## DATASET ENTRIES
------------------------------------
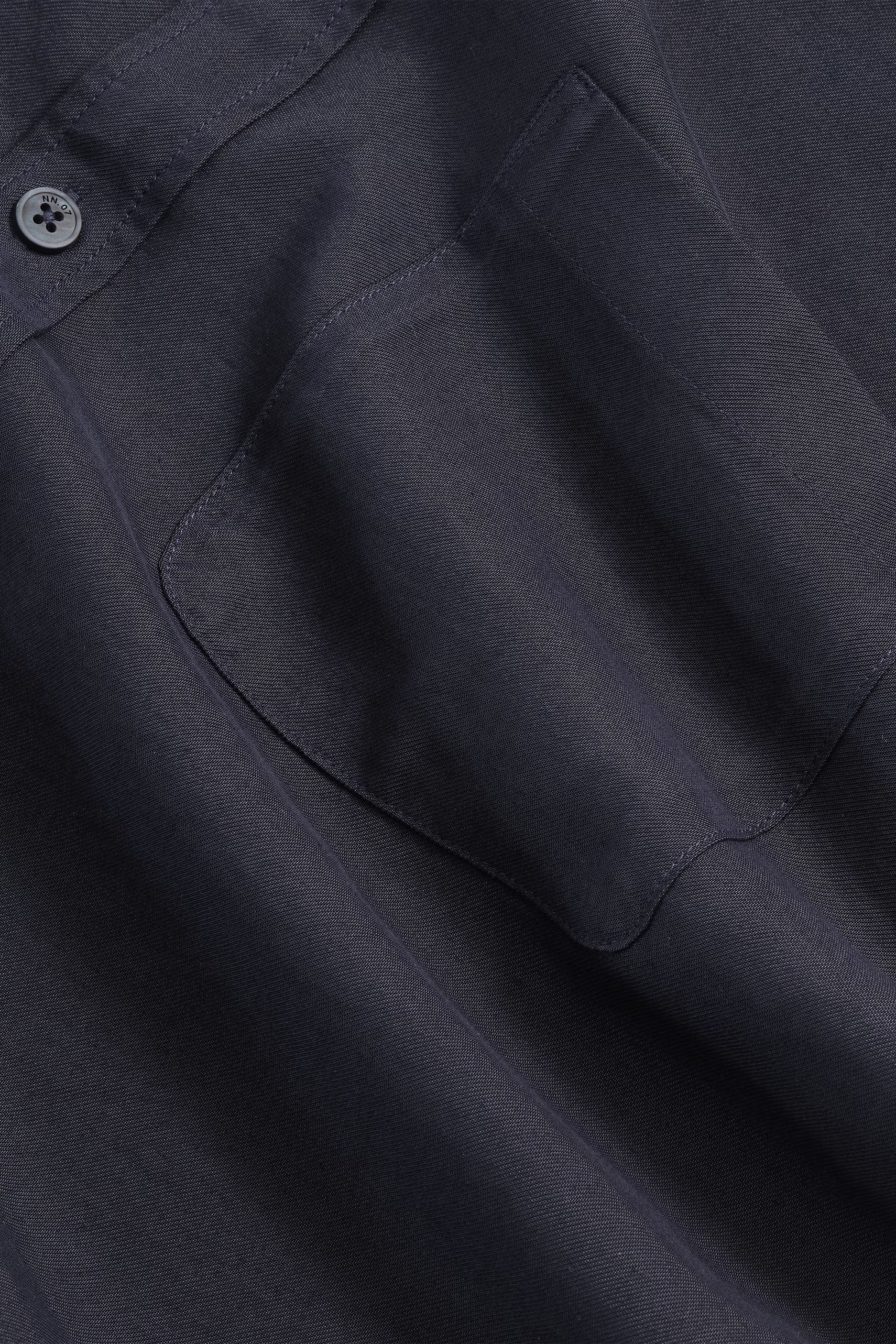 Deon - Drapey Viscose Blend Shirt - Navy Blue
------------------------------------
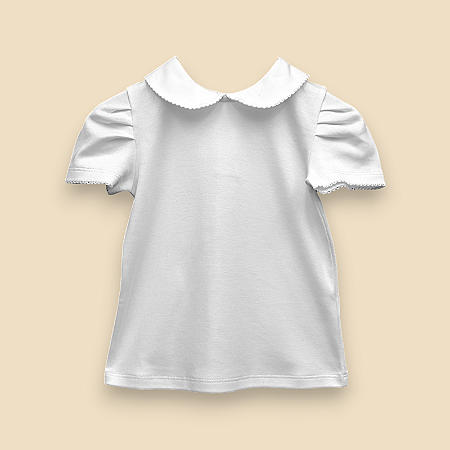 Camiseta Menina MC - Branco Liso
------------------------------------
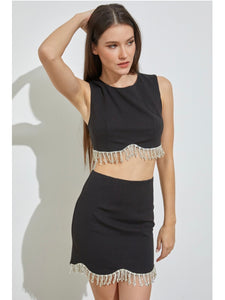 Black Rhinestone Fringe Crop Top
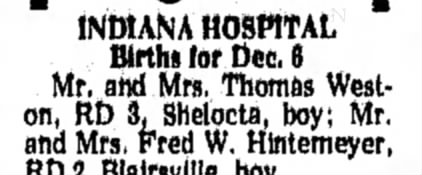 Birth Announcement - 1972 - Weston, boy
------------------------------------
## YOUR TASK
Go back to the listing above and reproduce, exactly, the stretch from the line bearing "Black Rhinestone Fringe Crop Top" through the line bearing "Birth Announcement - 1972 - Weston, boy", without its pictures.

## EXPECTED ANSWER
 Black Rhinestone Fringe Crop Top
 Birth Announcement - 1972 - Weston, boy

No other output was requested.